The 2019 Economics Nobel Laureate and professor of economics at the Massachusetts Institute of Technology (MIT), delivered the keynote at the African Development Bank’s 2021 Kofi Annan Eminent Speaker Lecture Series.

In her address titled Good Economics for Warmer Times – how to address our climate change challenge, Professor Duflo said the imbalance between wealthy and poor countries followed the ‘10-50 rule’ – “Ten percent of the highest polluters are responsible for about 50% of global emissions, and 50% of the bottom emitters are responsible for 13% of global emissions. She attributed the disparity in part to the reluctance of wealthy countries to forcefully commit to tackling climate change.

The Nobel laureate said the IMF had made an estimate of $50 billion as the cost package for Covax to help most of the countries of the world vaccinate up to 60% of their population within two years. The estimated potential benefit, she said, was $9 trillion, which she added was an obvious win-win.

She said global efforts to tackle Covid-19 pandemic had dampened her optimism about the global responses to climate change.

Professor Duflo urged immediate action but warned that the world cannot rely on innovation alone. “The impact of purely technological solutions is often very disappointing in real life,” she stressed.

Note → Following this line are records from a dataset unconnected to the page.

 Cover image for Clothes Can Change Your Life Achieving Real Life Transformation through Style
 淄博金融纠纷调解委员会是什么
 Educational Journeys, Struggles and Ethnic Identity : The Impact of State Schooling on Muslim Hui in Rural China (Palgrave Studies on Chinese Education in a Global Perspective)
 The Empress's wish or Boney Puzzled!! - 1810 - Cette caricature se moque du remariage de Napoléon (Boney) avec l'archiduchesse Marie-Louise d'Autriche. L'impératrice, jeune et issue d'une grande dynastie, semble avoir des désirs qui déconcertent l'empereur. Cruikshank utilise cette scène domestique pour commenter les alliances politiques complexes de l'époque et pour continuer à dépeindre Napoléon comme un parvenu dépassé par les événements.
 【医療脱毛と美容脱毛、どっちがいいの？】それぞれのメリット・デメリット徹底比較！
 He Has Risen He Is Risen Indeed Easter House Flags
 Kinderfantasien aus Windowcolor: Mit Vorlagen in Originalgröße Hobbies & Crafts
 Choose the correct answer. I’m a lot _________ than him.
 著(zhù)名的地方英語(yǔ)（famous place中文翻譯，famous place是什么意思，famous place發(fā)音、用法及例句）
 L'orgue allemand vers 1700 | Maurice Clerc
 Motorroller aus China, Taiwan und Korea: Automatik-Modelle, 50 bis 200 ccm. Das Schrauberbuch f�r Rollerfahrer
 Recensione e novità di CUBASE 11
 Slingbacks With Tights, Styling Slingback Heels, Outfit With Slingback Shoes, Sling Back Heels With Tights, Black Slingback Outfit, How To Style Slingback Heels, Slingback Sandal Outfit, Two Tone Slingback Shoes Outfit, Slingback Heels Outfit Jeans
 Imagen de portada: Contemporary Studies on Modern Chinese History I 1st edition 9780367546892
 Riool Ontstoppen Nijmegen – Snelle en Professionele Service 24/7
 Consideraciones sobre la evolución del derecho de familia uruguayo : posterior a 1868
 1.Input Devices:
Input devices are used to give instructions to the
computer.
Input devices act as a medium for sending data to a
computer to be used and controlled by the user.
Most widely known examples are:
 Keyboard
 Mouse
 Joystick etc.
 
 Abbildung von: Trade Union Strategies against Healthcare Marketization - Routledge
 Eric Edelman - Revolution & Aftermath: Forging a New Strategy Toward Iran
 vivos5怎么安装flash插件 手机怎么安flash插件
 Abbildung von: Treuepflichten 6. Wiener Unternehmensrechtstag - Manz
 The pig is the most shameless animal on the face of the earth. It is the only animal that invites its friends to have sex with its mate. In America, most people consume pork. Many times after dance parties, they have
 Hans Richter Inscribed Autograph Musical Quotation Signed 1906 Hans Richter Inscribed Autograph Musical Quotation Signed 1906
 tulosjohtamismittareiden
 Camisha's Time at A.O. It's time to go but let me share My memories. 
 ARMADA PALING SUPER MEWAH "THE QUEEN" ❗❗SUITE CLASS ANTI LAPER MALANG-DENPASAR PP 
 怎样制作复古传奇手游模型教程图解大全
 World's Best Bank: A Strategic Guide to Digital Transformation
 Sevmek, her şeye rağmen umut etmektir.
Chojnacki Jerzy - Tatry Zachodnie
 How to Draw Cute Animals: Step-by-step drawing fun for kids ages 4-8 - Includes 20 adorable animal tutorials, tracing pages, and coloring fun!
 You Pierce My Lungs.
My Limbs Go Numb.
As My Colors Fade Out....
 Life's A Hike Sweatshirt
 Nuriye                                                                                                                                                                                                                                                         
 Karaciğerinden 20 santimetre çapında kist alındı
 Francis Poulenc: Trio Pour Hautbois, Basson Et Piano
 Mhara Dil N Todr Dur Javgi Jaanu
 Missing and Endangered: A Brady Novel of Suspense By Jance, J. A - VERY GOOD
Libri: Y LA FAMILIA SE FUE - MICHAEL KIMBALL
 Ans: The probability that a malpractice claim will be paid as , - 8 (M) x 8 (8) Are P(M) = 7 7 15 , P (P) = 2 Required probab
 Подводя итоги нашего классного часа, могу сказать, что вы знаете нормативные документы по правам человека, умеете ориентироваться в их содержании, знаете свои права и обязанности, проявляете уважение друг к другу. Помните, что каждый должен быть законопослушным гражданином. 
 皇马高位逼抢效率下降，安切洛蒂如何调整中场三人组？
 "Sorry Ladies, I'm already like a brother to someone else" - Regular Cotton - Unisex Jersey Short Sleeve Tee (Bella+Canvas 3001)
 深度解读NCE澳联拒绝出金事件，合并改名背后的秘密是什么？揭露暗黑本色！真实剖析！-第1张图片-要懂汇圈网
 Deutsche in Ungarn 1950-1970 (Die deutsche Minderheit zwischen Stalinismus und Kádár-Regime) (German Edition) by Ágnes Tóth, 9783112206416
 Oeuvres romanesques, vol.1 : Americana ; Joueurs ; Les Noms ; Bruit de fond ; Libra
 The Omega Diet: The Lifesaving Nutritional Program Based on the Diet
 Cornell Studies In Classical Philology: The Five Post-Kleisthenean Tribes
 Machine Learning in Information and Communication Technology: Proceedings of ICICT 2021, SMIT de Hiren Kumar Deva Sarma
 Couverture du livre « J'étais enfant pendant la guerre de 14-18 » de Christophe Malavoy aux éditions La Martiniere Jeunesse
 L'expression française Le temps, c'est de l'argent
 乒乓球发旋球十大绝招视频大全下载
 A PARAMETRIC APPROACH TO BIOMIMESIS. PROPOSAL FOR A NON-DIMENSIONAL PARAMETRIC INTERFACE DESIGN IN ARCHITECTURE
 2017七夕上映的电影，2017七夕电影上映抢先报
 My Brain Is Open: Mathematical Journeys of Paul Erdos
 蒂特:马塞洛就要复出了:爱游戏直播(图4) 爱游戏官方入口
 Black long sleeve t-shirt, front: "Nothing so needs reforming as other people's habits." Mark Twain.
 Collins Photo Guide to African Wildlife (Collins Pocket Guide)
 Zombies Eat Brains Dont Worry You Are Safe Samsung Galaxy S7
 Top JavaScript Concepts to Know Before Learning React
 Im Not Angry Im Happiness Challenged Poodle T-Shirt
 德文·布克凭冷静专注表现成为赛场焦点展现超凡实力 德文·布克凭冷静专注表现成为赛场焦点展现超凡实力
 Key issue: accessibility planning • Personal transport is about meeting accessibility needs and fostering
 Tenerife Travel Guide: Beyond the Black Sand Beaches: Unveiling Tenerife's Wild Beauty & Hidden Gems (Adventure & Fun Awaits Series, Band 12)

According to the Nobel laureate globally combating climate change will require changes in behavior and consumption patterns. She noted that economists underestimate the capacity of humans to change behaviors, and that shifts in consumption would need to be made primarily in industrialized countries. “I don’t think we can tell Africans with a straight face that they need to consume less when they in fact need to consume more,” she said.

The Bank’s Acting Chief Economist and Vice President Kevin C. Urama said the topic could not be timelier, coming right after the COP26 global climate conference in Glasgow last month.

The Nobel laureate’s lecture was followed by a conversation with African Development Bank President Dr. Akinwumi A. Adesina, who praised her pragmatic economic research and the insights she provided.

He said Professor Duflo’s remarks underscored the need to change the way we measure wealth creation. “GDP tells us very little about how wealth is produced,” Dr Adesina said.  “I have been a big advocate of the need to weigh the GDP of countries by the extent of negative externalities they create.”

Dr Adesina engaged in an extensive discussion with Professor Duflo about the importance of accurate carbon pricing as an incentive to developing nations He proposed the establishment of a long-term carbon sink fund to compensate countries like Gabon and the Democratic Republic of Congo for preserving vast forests that sequester carbon dioxide. He noted that the debt-to-GDP ratios of such countries would substantively be lower if their forests were taken into consideration.

Professor Duflo said there was a crisis of credibility and trust for governments whose actions were not aligned with their commitments and that change would require a global enforcement of regulations. According to Duflo, “Nature is stronger than us and dire warnings do come to pass,” hence the need for collective action.